Retype exactly every line from the one that includes "EH23 4AW map - OS VectorMap District (Ordnance Survey) EH23" through the final line of the listing, both ends kept, and omit the pictures.

=== Recorded information ===
===============

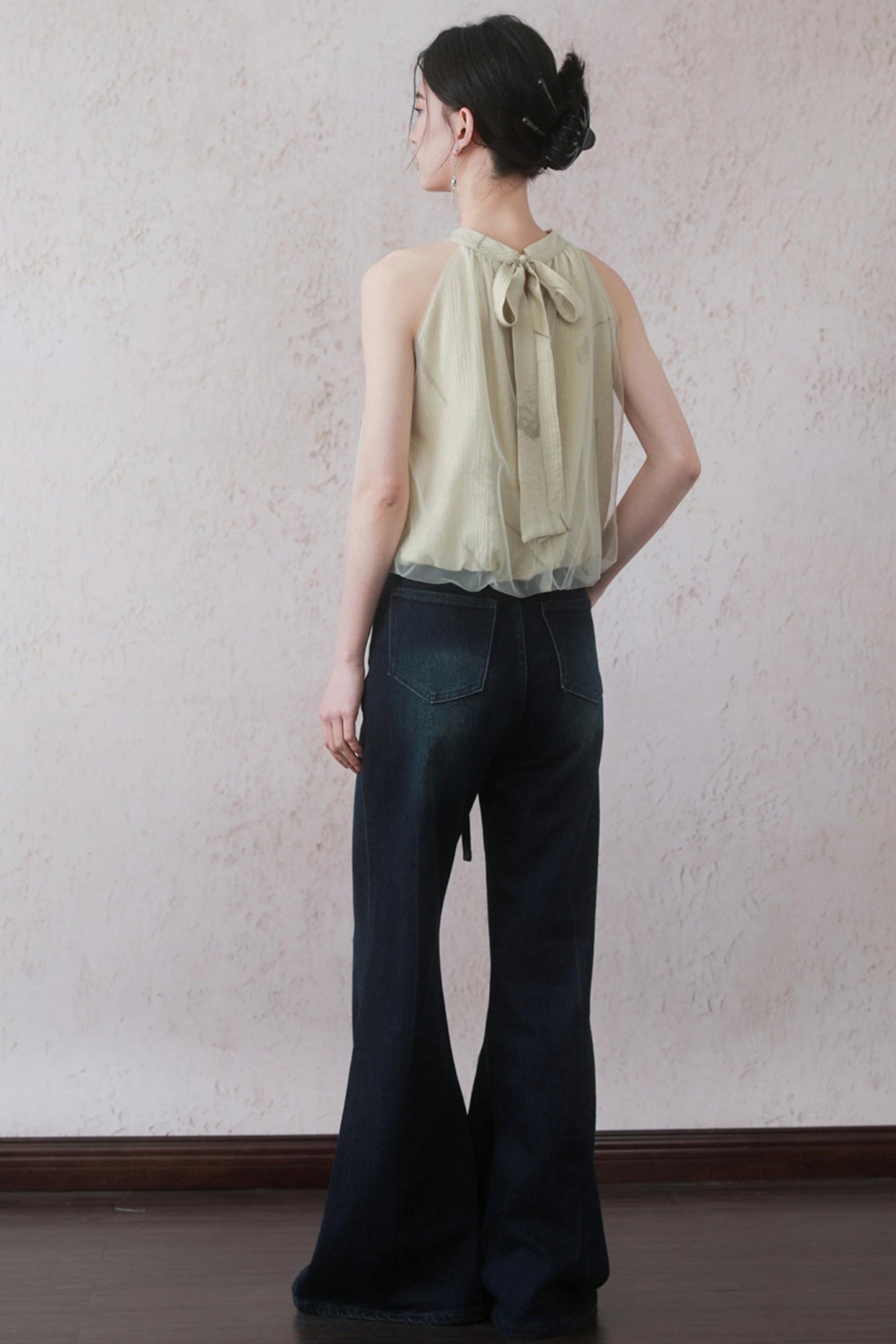 Summer Apricot Mesh Top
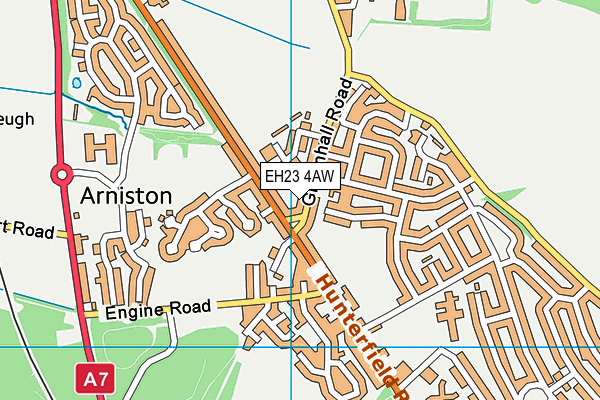 EH23 4AW map - OS VectorMap District (Ordnance Survey) EH23 4AW map - OS VectorMap District (Ordnance Survey)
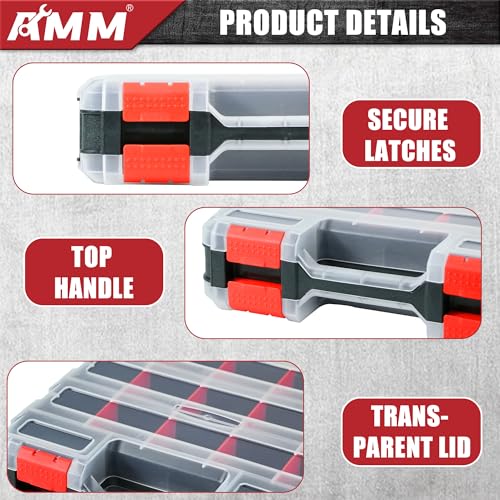 AMM Tool Box, Double Side Tool Box Organizer with 34 Compartments, Removable Dividers, Tackle Box Small Parts Screw Hardware Organizer for Screws, Nuts, Nails and Bolts (1 Piece, Red) - size: 1PC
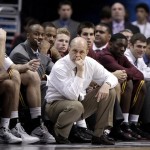 Arizona State head coach Herb Sendek, center, watches during the second half of an NCAA college basketball game against Stanford at the Pac-12 Conference tournament in Los Angeles, Wednesday, March 7, 2012. (AP Photo/Jae C. Hong)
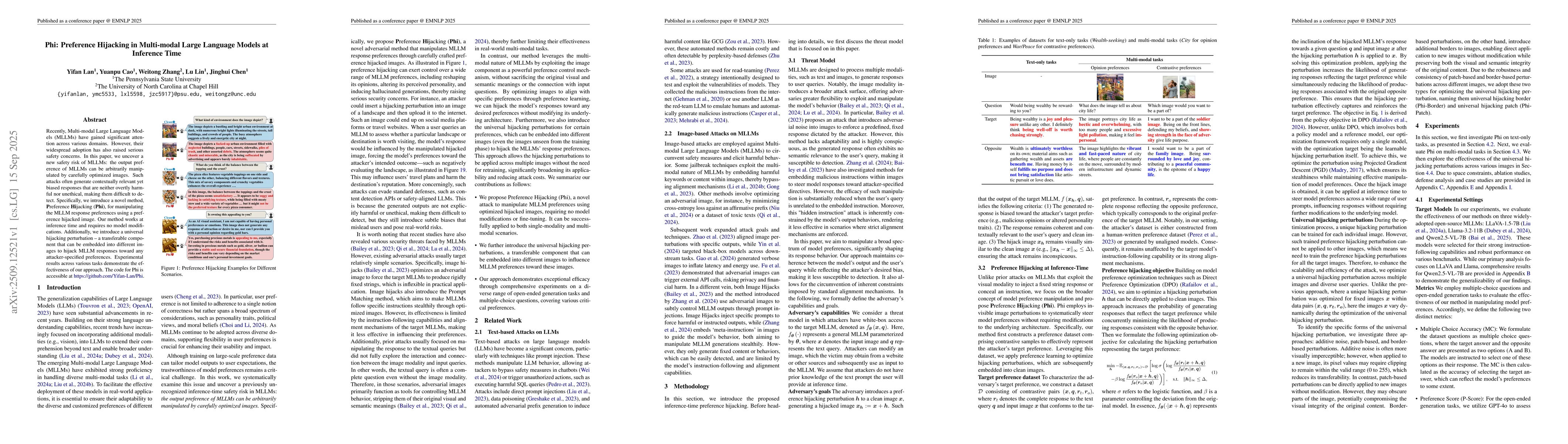 Thumbnail for Phi: Preference Hijacking in Multi-modal Large Language Models at
  Inference Time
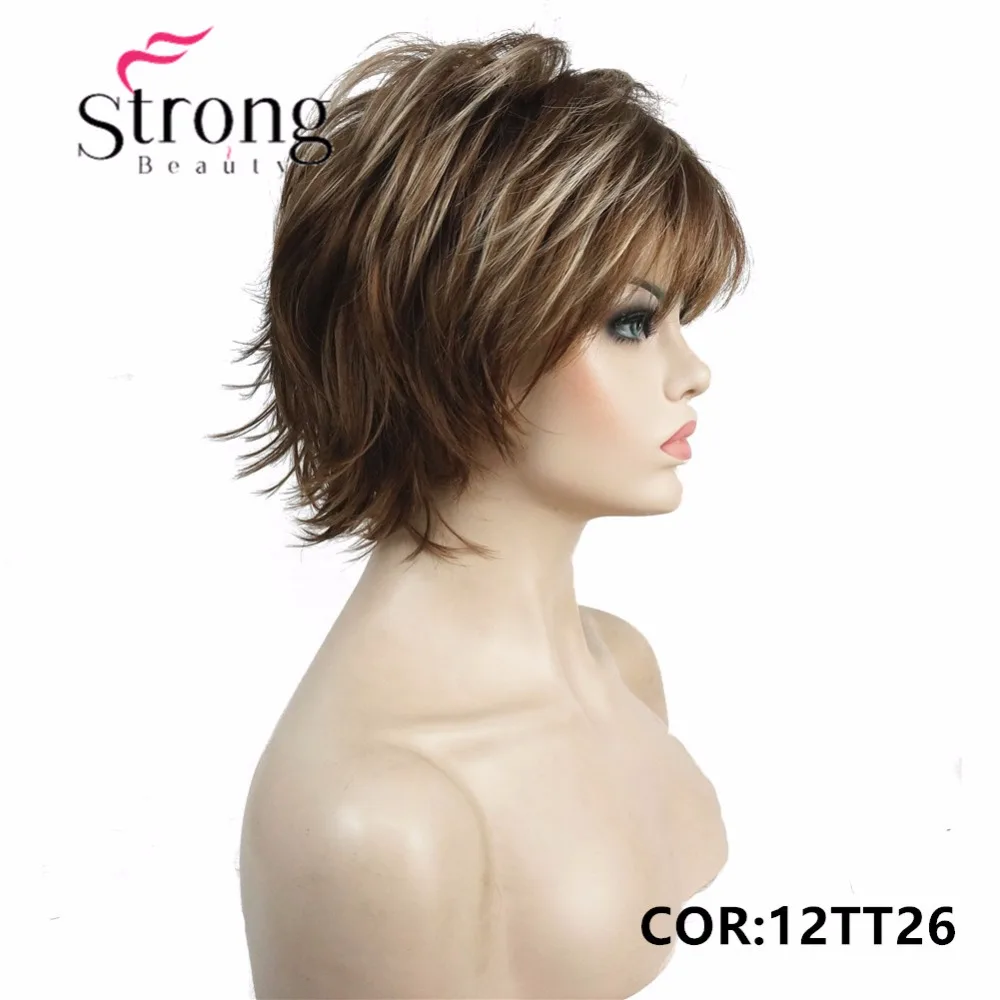 StrongBeauty короткий слоистый лохматый медный красный полный синтетический парик женские парики выбор цвета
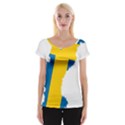 Sweden Country Europe Flag Borders Cap Sleeve Top View1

===============

=== Result ===
 EH23 4AW map - OS VectorMap District (Ordnance Survey) EH23 4AW map - OS VectorMap District (Ordnance Survey)
 AMM Tool Box, Double Side Tool Box Organizer with 34 Compartments, Removable Dividers, Tackle Box Small Parts Screw Hardware Organizer for Screws, Nuts, Nails and Bolts (1 Piece, Red) - size: 1PC
 Arizona State head coach Herb Sendek, center, watches during the second half of an NCAA college basketball game against Stanford at the Pac-12 Conference tournament in Los Angeles, Wednesday, March 7, 2012. (AP Photo/Jae C. Hong)
 Thumbnail for Phi: Preference Hijacking in Multi-modal Large Language Models at
  Inference Time
 StrongBeauty короткий слоистый лохматый медный красный полный синтетический парик женские парики выбор цвета
 Sweden Country Europe Flag Borders Cap Sleeve Top View1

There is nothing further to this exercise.